A million sellers, one front door

A marketplace or platform teeming with supply. Trust, discovery, and transaction mechanics are everything. You don't own the inventory — you own the experience.

The Matchmaker

Connecting the perfect pair

A platform that thrives on matching supply with demand — whether it's rides with drivers, freelancers with projects, or hosts with travelers. The algorithm is the moat.

The Toll Bridge

Everyone passes through, everyone pays a little

A platform that's become essential infrastructure. Developers build on it, businesses depend on it, and the commission flows with every transaction.

The Suit

Trusted advisor, premium rates

A professional services firm — consulting, legal, finance, agency. Relationships drive revenue, reputation is the moat, and the website says 'we're worth it' without saying the price.

The Pipeline

Leads in, proposals out, repeat

A B2B service business running on a steady stream of leads. Not enterprise-complex, not self-serve simple — the sweet spot where a good website and a responsive team close deals.

The Megaphone

Eyeballs are the currency

A content or media business monetized through advertising. Every click is inventory, every page is real estate, and engagement is oxygen.

The Library

Knowledge behind the paywall, worth every penny

A premium content business — newsletters, research, courses, or publications — where people pay for depth, expertise, and curation.

The Clubhouse

Membership has its privileges

A community-first business where belonging IS the product.
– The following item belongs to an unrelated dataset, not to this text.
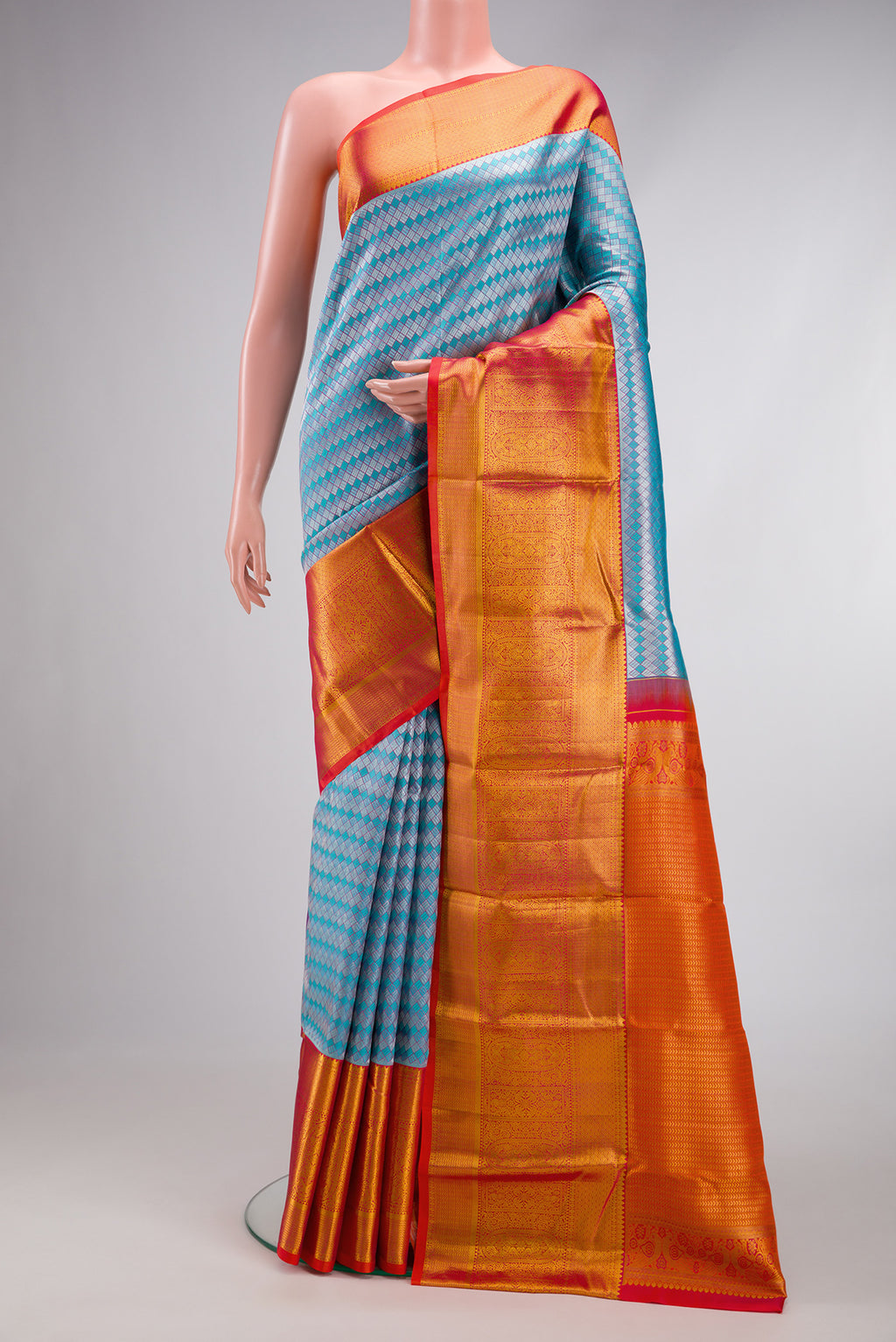 Sky Blue Dual Tone Kanchipuram Silk Saree with Zari Brocade on the body and Zari Border.  displayed on a mannequin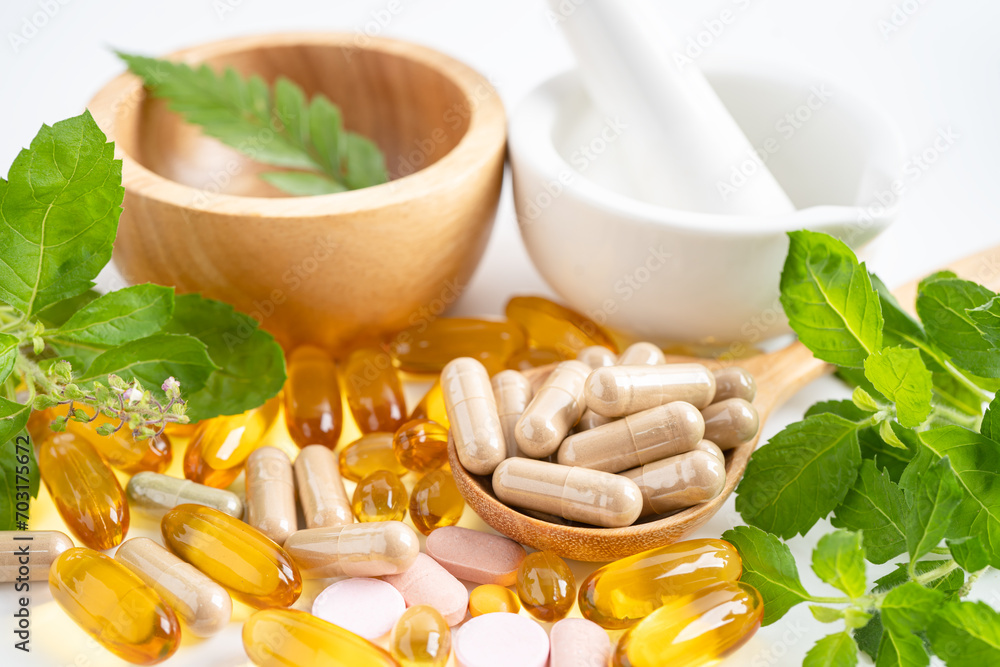 Alternative medicine herbal organic capsule with vitamin E omega 3 fish oil, mineral, drug with herbs leaf natural supplements for healthy good life. Alternative medicine herbal organic capsule with vitamin E omega 3 fish oil, mineral, drug with herbs leaf natural supplements for healthy good life.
Members pay for access, connection, and the feeling of being on the inside.

The Stage

The show must go on (and sell out)

An events business where anticipation is marketing, the lineup is the product, and every detail — from the landing page to the countdown timer — builds toward the moment.

The Franchise Machine

Replicate the magic, scale the brand

A franchise operation where brand consistency meets local hustle. The corporate site recruits franchisees; the local sites win customers.

The Aggregator

Your brand, their supply, one seamless experience

An aggregator that pulls supply from everywhere and wraps it in a unified experience. Unlike a marketplace, you own the relationship — the customer thinks it's all you.

The Open Garden

Free to enter, beautiful to stay

An open-source or free-tier-first business that grows through community contribution. The code is free; the enterprise features, support, and hosting pay the bills.

The Surge

The price is right... right now

A business where price is a living thing — shifting with demand, timing, and availability. Airlines, hotels, ride-sharing, energy markets. The website must make volatility feel fair.

The Contractor

Compliant, capable, and cleared

A business that sells to government. Procurement processes, compliance certifications, and past performance are the language. The website speaks bureaucracy fluently.

The Ecosystem

Partners are the product's best salespeople

A business that grows through its network of partners, resellers, and integrations. The partner portal is as important as the customer-facing site.

From codes to features

Every option carries a set of recommended website features, each with a plain-language rationale. A classification collects the features for all of its selected codes, filters them by maturity, and adds a set of baseline features that every site needs regardless of type. The result is a single prioritized specification: what to build, and why.

One feature can be shared across many code combinations, so the same recommendation can be justified from several angles without being listed twice.